With 1 bottle and 1/2 of Pinot Noir of Languedoc, no bottled water, decent bread and 2 coffees, our bill was 73.86 E a couple.
Go? Why not? It's moderately undiscovered except by tattooed Brooklyn tweens and serves season food at screamingly reasonably prices.
Gros, coordinates given when I ate here in August, is a place I went back to, now 8 months plus later, because a trusted friend told me to go back, something was new. But as I approached it, it looked the same - across from Lucky Luciano and Tom's wifi Café, inhabiting the old cursed Café Blah Blah space, scraped wall décor, without an exciting "menu." When I asked an old friend to go she said "I wouldn't be caught dead in a place with that name", and I thought it was because gros=fat, but she explained in slang gros=bro or buddy.

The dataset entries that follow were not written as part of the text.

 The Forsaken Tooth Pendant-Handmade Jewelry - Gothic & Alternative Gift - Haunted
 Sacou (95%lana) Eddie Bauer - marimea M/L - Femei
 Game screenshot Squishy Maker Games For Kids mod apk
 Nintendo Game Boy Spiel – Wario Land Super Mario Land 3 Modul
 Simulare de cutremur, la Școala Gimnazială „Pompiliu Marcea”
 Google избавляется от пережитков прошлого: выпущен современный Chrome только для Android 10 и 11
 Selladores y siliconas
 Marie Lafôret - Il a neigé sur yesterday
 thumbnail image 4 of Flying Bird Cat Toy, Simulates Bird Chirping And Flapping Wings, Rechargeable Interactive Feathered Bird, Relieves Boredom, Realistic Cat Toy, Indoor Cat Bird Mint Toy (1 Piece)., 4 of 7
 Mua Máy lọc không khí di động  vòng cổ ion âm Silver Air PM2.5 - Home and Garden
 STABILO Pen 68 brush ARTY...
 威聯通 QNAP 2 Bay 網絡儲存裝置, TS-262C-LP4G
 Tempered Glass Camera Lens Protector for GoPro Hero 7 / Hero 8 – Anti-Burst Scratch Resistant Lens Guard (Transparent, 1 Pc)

I finally convinced her and we both looked at the "menu" and almost bugged out.
She ordered up a "perfect egg" with bacon and watercress puree that was very good and my vichyssoise with coquillages was outstanding. So far so good.
Both of us then had the so-called fish soup, which although it came with the requisite toast, rouille and shaved cheese, was not the usual pulverised in a blender concoction, but rather more accurately could have been called beautifully cooked fish (rouget my pal posited) laid on top of potato slices with a sauce of crustaceans. This was really good and prompted Madame to say "This is serious food."
We then decided to each have one of the chocolate desserts: she the "pudding" and I the cubes and here we came to Napoleon's Waterloo; neither was much of a much. Later as she was asking about the chef's origin's etc., our wait-person said they had two chefs cooking the food and a pastry chef devoted to desserts - I thought my gastronomic friend was going to fall in a feint. Someone dedicated to desserts coming up with such mediocre stuff when the others in the cuisine were turning out magic?
When my dining friend, just back from a wine week that will become a book, looked at the wine list, she said "I like the structure of this list" into Fruit, Structure, Douceur and we had a fine bottle of Dolcetto d'Alba, which along with a glass of Cheverny, no bottled water, quite decent bread and 2 coffees, resulted in a bill of 89.80 E.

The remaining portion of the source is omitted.